The XDA ecosystem is based on Android, which is a mess in and of itself. It’s an enormous, poorly documented ball of Google code, mixed with vendor drivers and private kernel trees, full of crappy workarounds and locked-down hardware. Most smart phones are essentially badly put-together black boxes and most smart phone hackers are working with their legs cut off. Not to mention that the software ecosystem which runs on the platform is full of scammers and ads and theft of private user information. Android may be Linux in implementation, but it’s about as far from the spirit of free software as you can get.

postmarketOS, on the other hand, is based on Alpine Linux, which happens to be my favorite Linux distribution. Instead of haphazard forum threads collecting inscrutable ports for dozens of devices, they have a single git repository where all of their ports are maintained under version control, complete with issue trackers and merge requests, plus a detailed centralized wiki providing a wealth of open technical info on their supported platforms. And, by virtue of being a proper Linux distribution, they essentially opt-out of the mess of predatory mobile apps and instead promote a culture of trusted applications which respect the user and are built by and for the community instead of by and for a corporation.

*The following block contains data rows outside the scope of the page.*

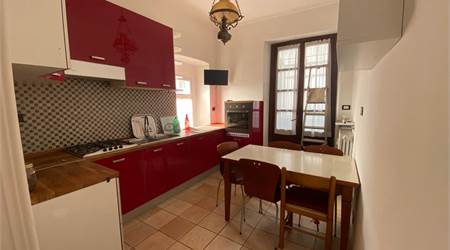 PINEROLO centro pressi P.za Barbieri AMPIO appartamento con doppi servizi 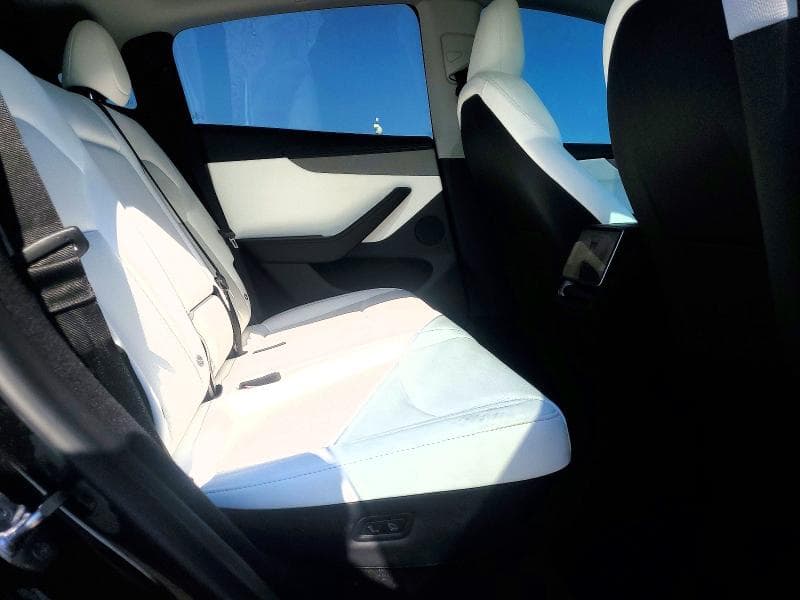 2026 TESLA MODEL Y 11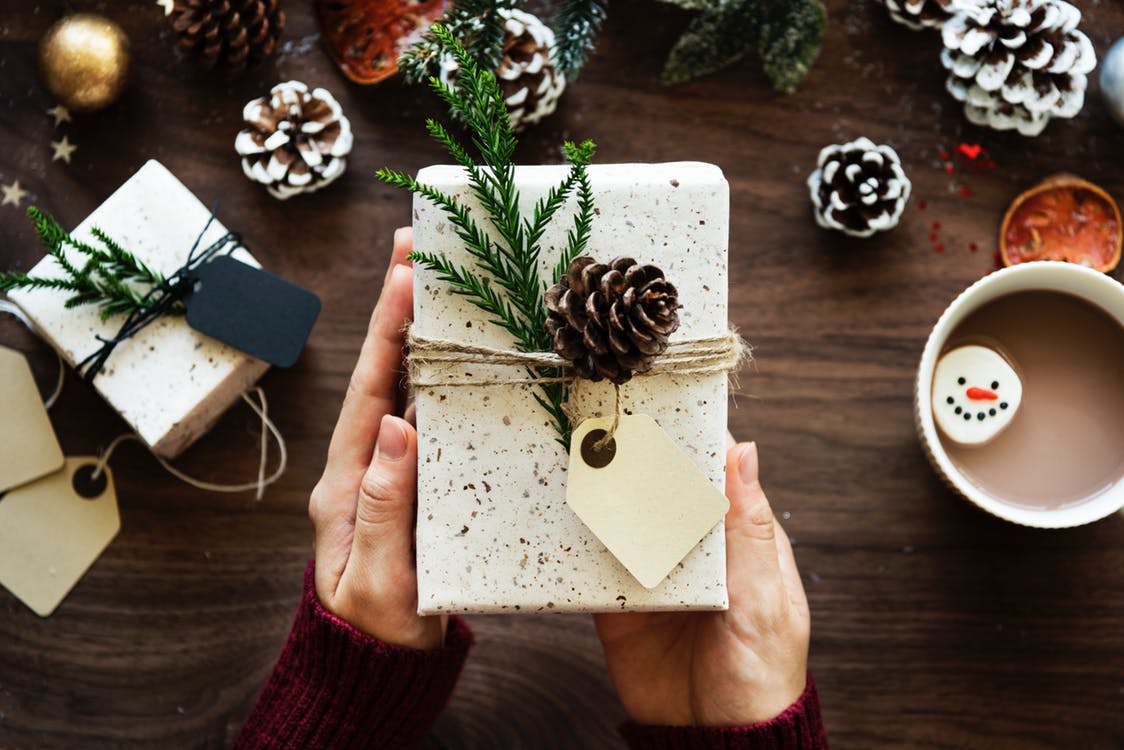 Nem csak a tárgyi ajándék számít: 10 cselekedet, amivel boldoggá teheted mások napját és karácsonyát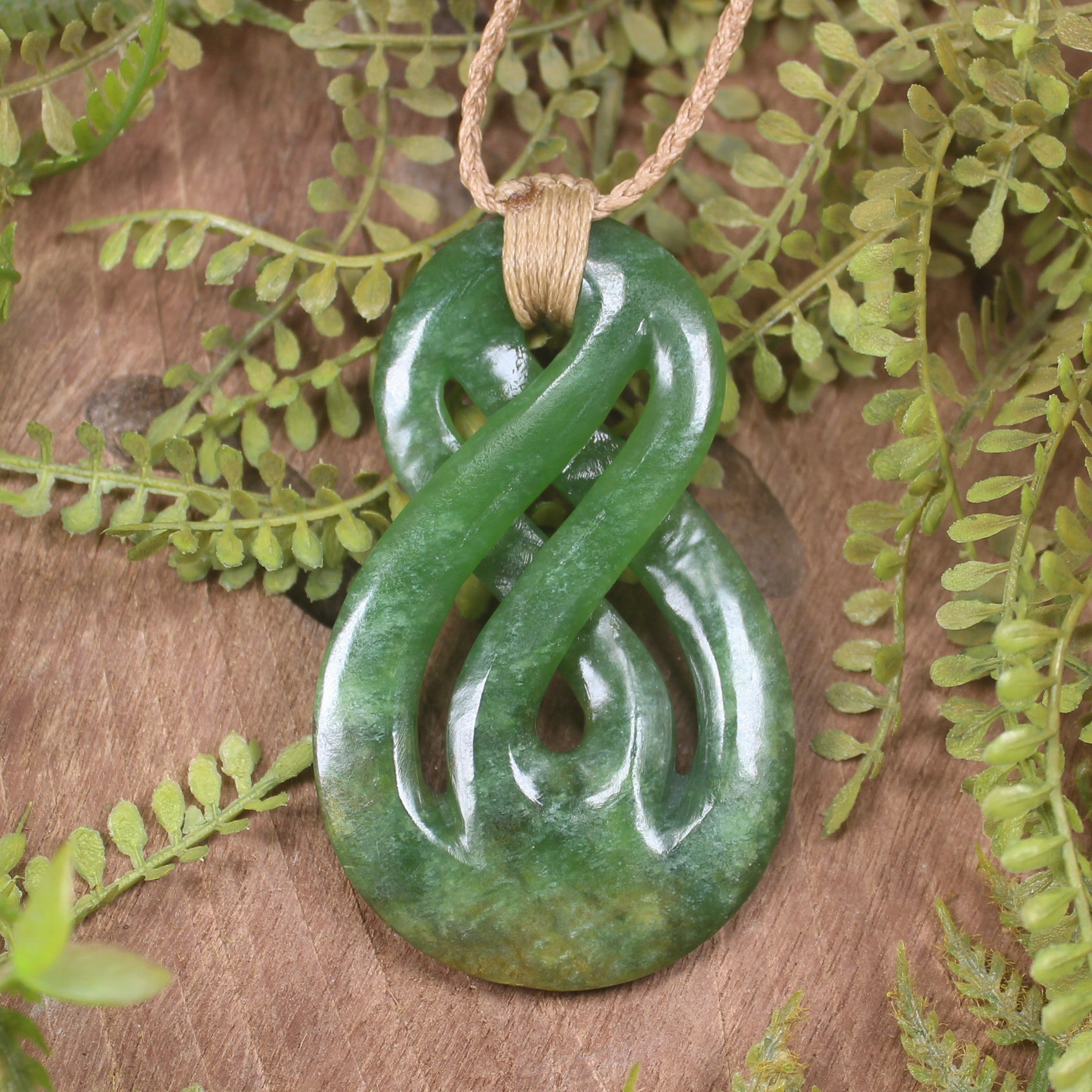 Twist or Pikorua carved from Flower Jade Pounamu - NZ Greenstone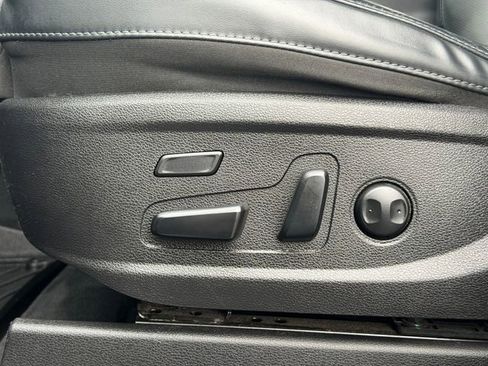 Used 2020 Kia Telluride SX w/ SX Prestige Package image 36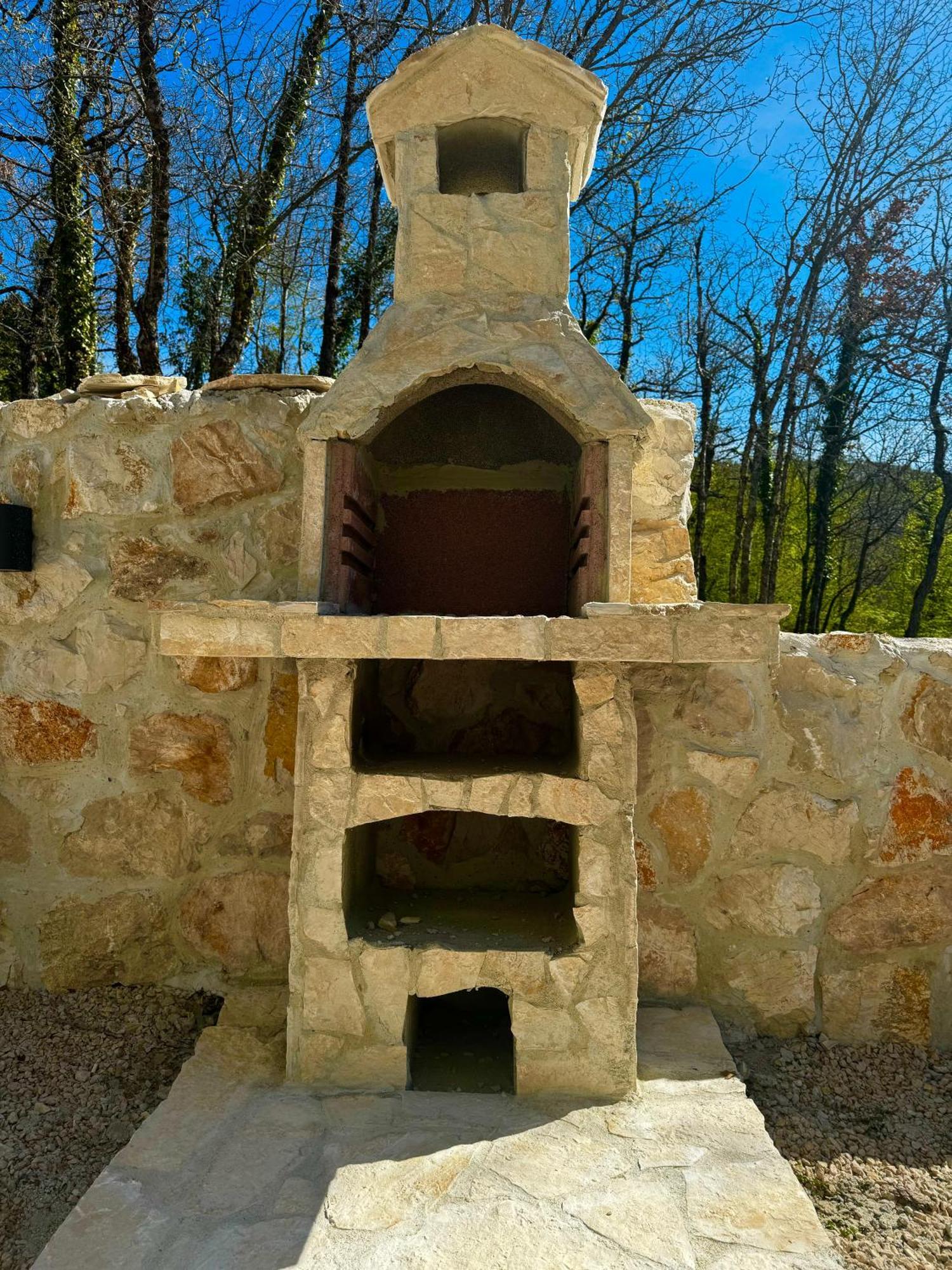 Luxury Villa Andrea Vrzika In Forest Near The Sea Zagvozd Exteriör bild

Where we once had to live with illegally closed-source forks of the Linux kernel, we now have a git repository in which upstream Linux releases are tracked with a series of auditable patches for supporting various devices, many of which are making their way into upstream Linux. Where we once had a forum thread with five wrong answers to the same question on page 112, we now have a bug report on GitLab with a documented workaround and a merge request pending review. Instead of begging my vendor to unlock my bootloader and using janky software reminiscent of old keygen hacks to flash a dubious Android image, I can build postmarketOS’s installer, pop it onto a microSD card, and two minutes I’ll have Linux installed on my Pinephone.

pmOS does not seek to elevate the glories of tiny individual hackers clutching their secrets close to their chest, instead elevating the glory of the community as a whole. It pairs perfectly with Pine64, the only hardware vendor working closely with upstream developers with the same vision and ideals. There is a promise for hope in the future of smart phones in their collaboration.

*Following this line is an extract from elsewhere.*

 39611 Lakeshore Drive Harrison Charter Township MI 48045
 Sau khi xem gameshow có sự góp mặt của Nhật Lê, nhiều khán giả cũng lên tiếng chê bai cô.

However, the path they’ve chosen is a difficult one. Android, for all of its faults, presents a complete solution for a mobile operating system, and upstream Linux does not. In my review, I said that software would be the biggest challenge of the Pinephone, and 2 years later, that remains the case. Work reverse engineering the Pine64 hardware is slow, there is not enough cooperation between project silos, and there needs to be much better prioritization of the work. To complete their goals, the community will have to work more closely together and narrow their attention in on the key issues which stand between the status quo and the completion of a useful Linux smartphone. It will require difficult, boring engineering work, and will need the full attention and dedication of the talented people working on these projects.

If they succeed in spite of these challenges, the results will be well worth it. postmarketOS and pine64 represent the foundations of a project which could finally deliver Linux on smartphones and build a robust mobile platform that offers freedom to its users for years to come.